Je suis peut-être naïve, mais la lecture ou l’audition de travaux parlementaires sont toujours des moments qui me réconcilient un peu avec la classe politique. Souvent, ces travaux sont de grande qualité et n’ont rien à voir avec le brouhaha et les éructations que l’on associe toujours aux joutes médiatiques des députés, aux empâtements satisfaits des sénateurs, aux rodomontades des ministres et aux carrières soigneusement travaillées depuis un canton, un conseil départemental ou depuis le siège ouaté d’une voiture de fonction.Bref, j’aime découvrir les rapports variés et instructifs issus du travail des commissions où des élus de tous bords mettent en commun leurs moyens de réflexion pour tenter d’améliorer la vie des Français.
Je ne passe pas mon temps à cela bien sûr, mais parfois, dans les domaines qui vous intéressent, je recommande à tout un chacun de lire les rapports ou d’écouter les commissions parlementaires, qui sont l’une des meilleures choses que notre démocratie produise.Ces derniers jours, j’ai été passionnée par le visionnage, sur le site de l’Assemblée nationale, des auditions de la commission d’enquête relative aux violences commises dans les secteurs du cinéma, de l’audiovisuel, du spectacle vivant, de la mode et de la publicité. La commission menée par quelques députés a reçu successivement plusieurs acteurs économiques de cet immense secteur qui, par ses productions, touche à notre vie quotidienne (ce que nous voyons à la télévision, au cinéma, dans les salles de spectacle, sur les affiches…).
Le secteur des médias et du spectacle peut sembler à part, mais une des vertus de cette commission fut de démontrer, s’il en était besoin, combien, au contraire, il est à la fois le reflet, et influence grandement, ce qui se passe dans notre société tout entière : la façon éminemment brutale dont on traite les femmes, les enfants et toute personne en situation de domination économique.Sont venus répondre aux questions pertinentes des députés des directeurs de programme, des producteurs, des assureurs, des comédiens et comédiennes, des associations de lutte contre les violences, etc.Écouter ces échanges me repose des débats télévisuels et radiophoniques où les sophismes, l’insulte, la parole sans cesse coupée nuisent définitivement à l’exposé d’idées claires et donc à la compréhension des choses.

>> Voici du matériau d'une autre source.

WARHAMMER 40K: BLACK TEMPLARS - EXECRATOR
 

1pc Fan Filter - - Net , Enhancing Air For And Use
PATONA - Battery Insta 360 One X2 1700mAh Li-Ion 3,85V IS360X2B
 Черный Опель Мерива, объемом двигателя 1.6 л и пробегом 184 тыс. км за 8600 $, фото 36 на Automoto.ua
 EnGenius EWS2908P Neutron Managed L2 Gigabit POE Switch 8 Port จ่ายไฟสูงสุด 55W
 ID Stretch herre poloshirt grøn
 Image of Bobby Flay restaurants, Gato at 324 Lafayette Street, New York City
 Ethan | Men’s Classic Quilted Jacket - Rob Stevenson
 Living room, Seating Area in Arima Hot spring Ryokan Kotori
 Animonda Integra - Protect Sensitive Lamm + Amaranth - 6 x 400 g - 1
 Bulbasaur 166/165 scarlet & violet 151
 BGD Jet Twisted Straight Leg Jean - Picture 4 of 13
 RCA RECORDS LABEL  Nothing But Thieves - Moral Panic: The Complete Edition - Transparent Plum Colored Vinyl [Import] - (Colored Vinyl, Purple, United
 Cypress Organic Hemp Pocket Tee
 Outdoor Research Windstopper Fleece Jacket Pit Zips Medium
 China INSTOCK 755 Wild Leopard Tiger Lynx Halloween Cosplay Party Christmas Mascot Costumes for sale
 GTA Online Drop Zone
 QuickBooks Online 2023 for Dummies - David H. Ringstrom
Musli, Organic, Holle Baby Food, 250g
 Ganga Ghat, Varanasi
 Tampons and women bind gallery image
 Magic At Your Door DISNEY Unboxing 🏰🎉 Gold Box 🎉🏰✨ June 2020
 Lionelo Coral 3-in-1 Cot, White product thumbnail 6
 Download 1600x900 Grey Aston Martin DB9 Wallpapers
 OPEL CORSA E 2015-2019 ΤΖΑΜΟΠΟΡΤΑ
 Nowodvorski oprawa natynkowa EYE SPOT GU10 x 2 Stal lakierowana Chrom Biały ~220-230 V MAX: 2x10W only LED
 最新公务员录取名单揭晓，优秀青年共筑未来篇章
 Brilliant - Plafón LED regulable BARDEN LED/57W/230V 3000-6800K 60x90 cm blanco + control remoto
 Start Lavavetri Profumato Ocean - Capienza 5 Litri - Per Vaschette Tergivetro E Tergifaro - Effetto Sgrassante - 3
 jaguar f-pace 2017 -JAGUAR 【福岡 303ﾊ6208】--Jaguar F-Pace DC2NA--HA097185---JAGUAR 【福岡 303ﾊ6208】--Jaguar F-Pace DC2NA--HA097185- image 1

Lors des auditions de la commission, chaque interlocuteur fut invité à s’exprimer en disposant de longues minutes, voire d’une demi-heure ou d’une heure pour dire sans interruption ce qui lui semblait important avant que ne commence une phase de questions-réponses.Tour à tour, j’y ai vu des chefs d’entreprise dérouler un discours bien rodé et défensif sur ce qu’ils mettaient en place pour éviter les violences, puis être mis en défaut, déstabilisés, par des questions simples et concrètes de la part des députés sur la réalité de leurs actions et sur le message violent qu’ils envoyaient à travers leurs productions. J’ai vu un ancien directeur de l’information de TF1 se débattre et s’embrouiller face à l’évidence des méfaits de la grande société du CAC40 dans laquelle il travailla, entreprise qui ne tournait plus rond depuis une éternité.
J’y ai vu des comédiens et comédiennes expliquer leur combat un peu vain contre la violence et leurs efforts pour trouver des solutions dans des lieux où l’omerta et la fragilité économique agissent comme autant de verrous à l’action et inhibent tout sens moral.Et puis, dans le confort de mon salon, j’ai écouté, gorge serrée, larmes aux yeux, le témoignage, les explications claires et l’argumentation construite de la comédienne Sara Forestier. Chers lecteurs et lectrices, je vous invite, même si cela semble éloigné de vos préoccupations, à aller regarder sur votre ordinateur l’audition de Sara Forestier.
En une heure, elle déroule posément toute une carrière professionnelle émaillée de violences inconcevables et bien réelles. Dans une langue claire, refoulant autant que possible l’émotion qui la submerge de temps à autre, elle démontre comment, après des années à être psychologiquement et physiquement terrassée, elle parvient à se relever grâce à la pensée, à une réflexion presque sociologique sur ce qui lui est arrivé et à l’analyse claire de ce qui devrait changer. Dans ce qu’elle expose, on peut lire le fonctionnement de n’importe quel secteur économique et trouver l’expérience potentielle de n’importe qui.
En se penchant sur un secteur particulier, la commission d’enquête parlementaire a cette vertu de nous montrer comment fonctionne notre monde et comment nous vivons dans celui-ci. Elle a également cette vertu, humble et constructive, de demander à tous les auditionnés quels seraient, à leur avis, les moyens d’améliorer les choses. Dans les réponses vaseuses ou réfléchies des auditionnés, on discerne vite qui a vraiment envie de changement, et qui se repaît de la cruauté ambiante.